:: Task to carry out ::
Transcribe all the entries word for word, but omit the images.

****************************************

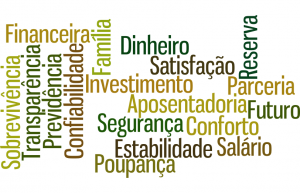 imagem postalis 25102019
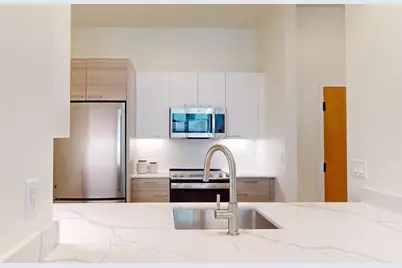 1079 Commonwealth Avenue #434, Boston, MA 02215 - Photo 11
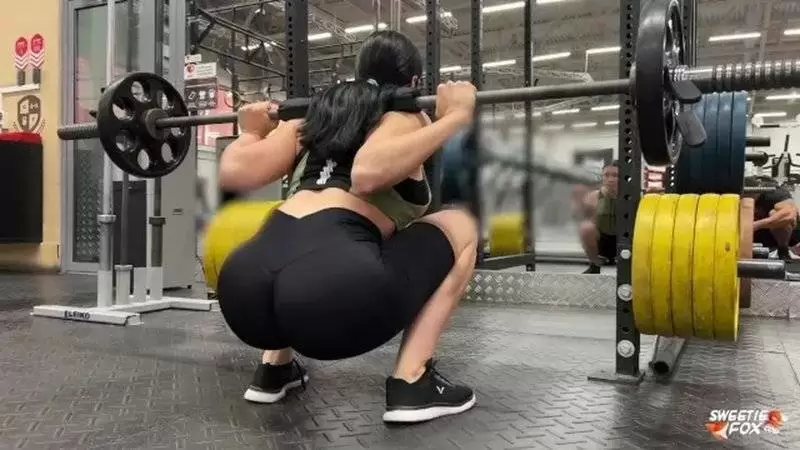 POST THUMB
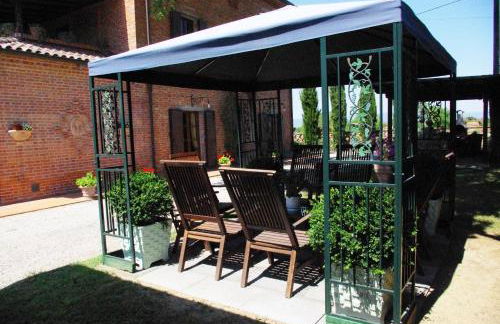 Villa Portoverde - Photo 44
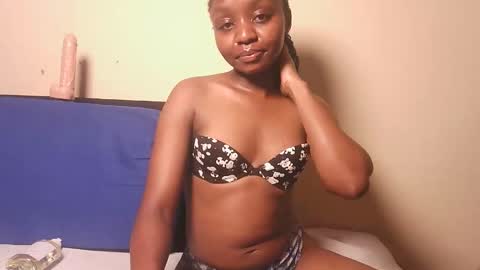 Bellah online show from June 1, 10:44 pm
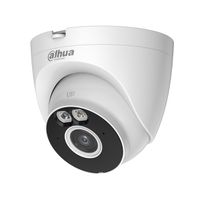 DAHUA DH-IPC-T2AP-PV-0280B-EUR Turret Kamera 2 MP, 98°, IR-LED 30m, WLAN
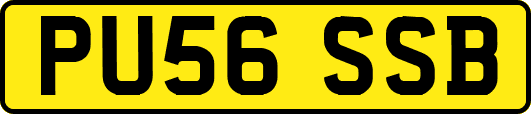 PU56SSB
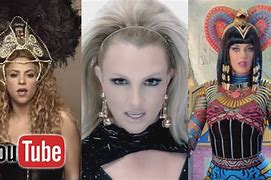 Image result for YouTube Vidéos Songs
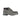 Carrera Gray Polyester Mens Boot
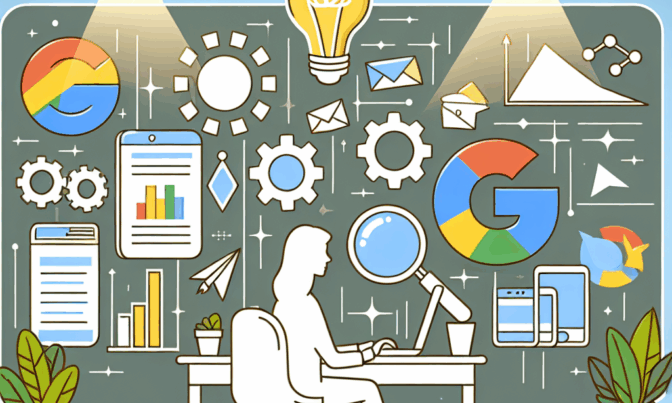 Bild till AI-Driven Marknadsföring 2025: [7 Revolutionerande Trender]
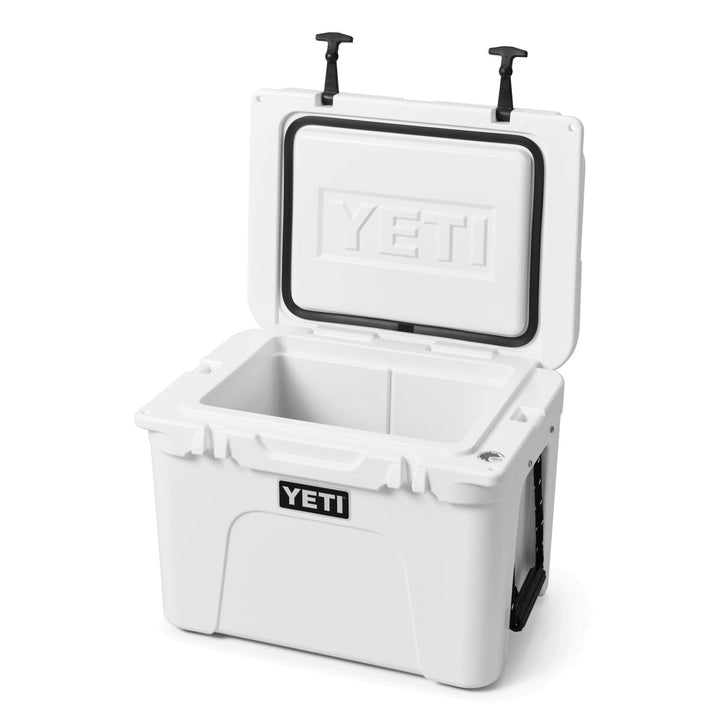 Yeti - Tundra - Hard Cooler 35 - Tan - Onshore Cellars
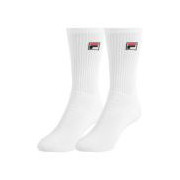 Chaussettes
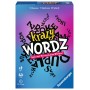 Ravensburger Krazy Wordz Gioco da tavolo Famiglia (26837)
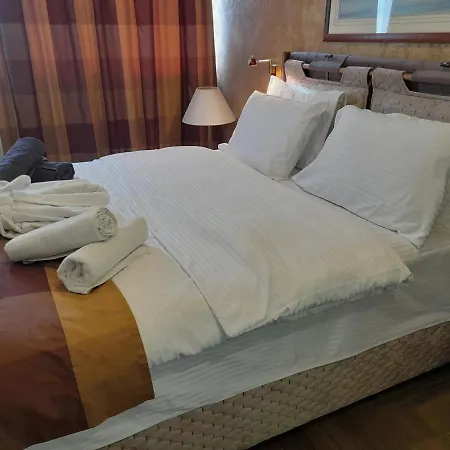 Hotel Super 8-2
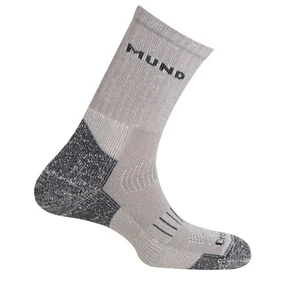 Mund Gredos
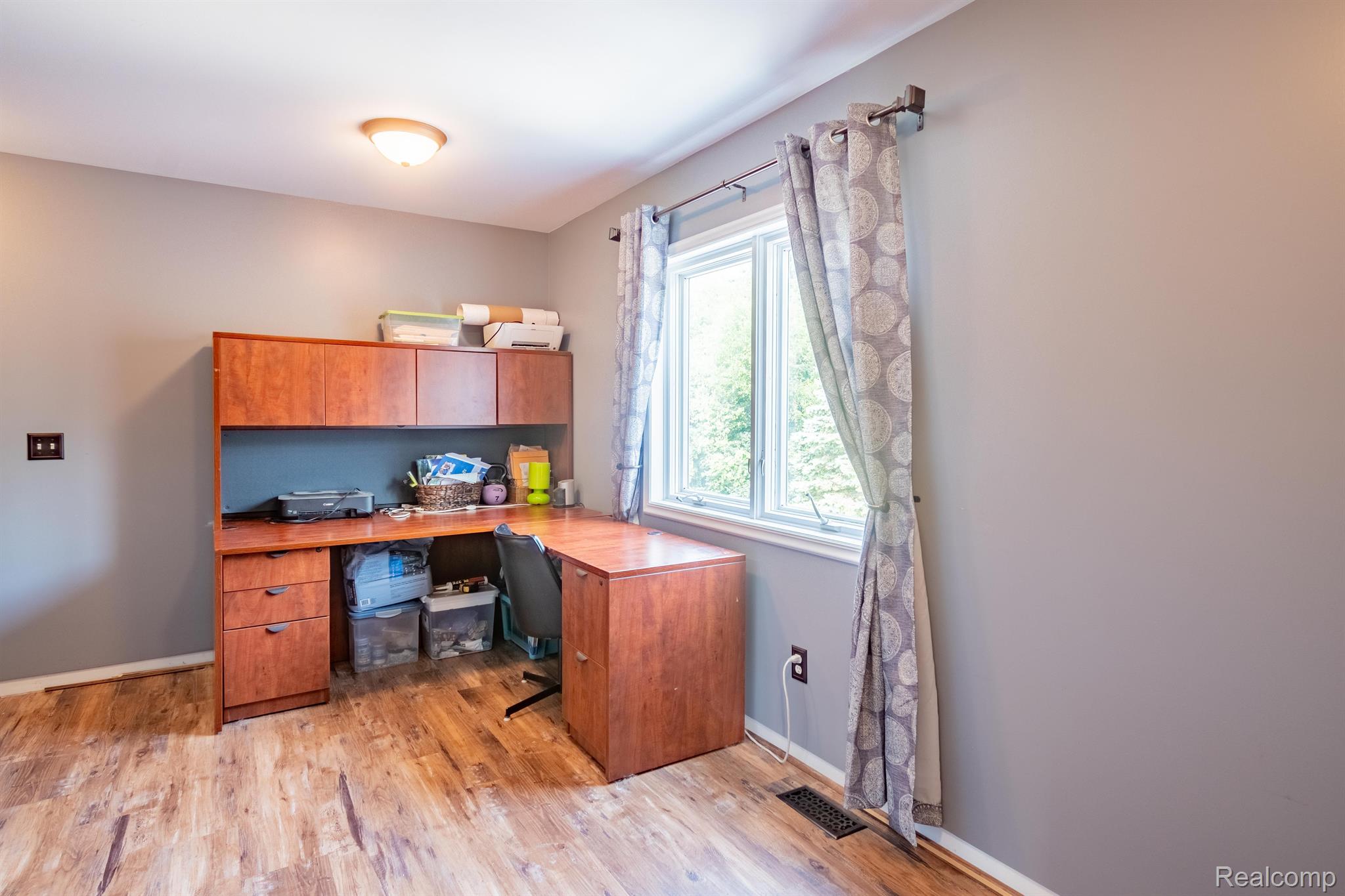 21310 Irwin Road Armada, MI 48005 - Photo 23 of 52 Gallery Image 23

****************************************

:: Solution to the problem ::
 imagem postalis 25102019
 1079 Commonwealth Avenue #434, Boston, MA 02215 - Photo 11
 POST THUMB
 Villa Portoverde - Photo 44
 Bellah online show from June 1, 10:44 pm
 DAHUA DH-IPC-T2AP-PV-0280B-EUR Turret Kamera 2 MP, 98°, IR-LED 30m, WLAN
 PU56SSB
 Image result for YouTube Vidéos Songs
 Carrera Gray Polyester Mens Boot
 Bild till AI-Driven Marknadsföring 2025: [7 Revolutionerande Trender]
 Yeti - Tundra - Hard Cooler 35 - Tan - Onshore Cellars
 Chaussettes
 Ravensburger Krazy Wordz Gioco da tavolo Famiglia (26837)
 Hotel Super 8-2
 Mund Gredos
 21310 Irwin Road Armada, MI 48005 - Photo 23 of 52 Gallery Image 23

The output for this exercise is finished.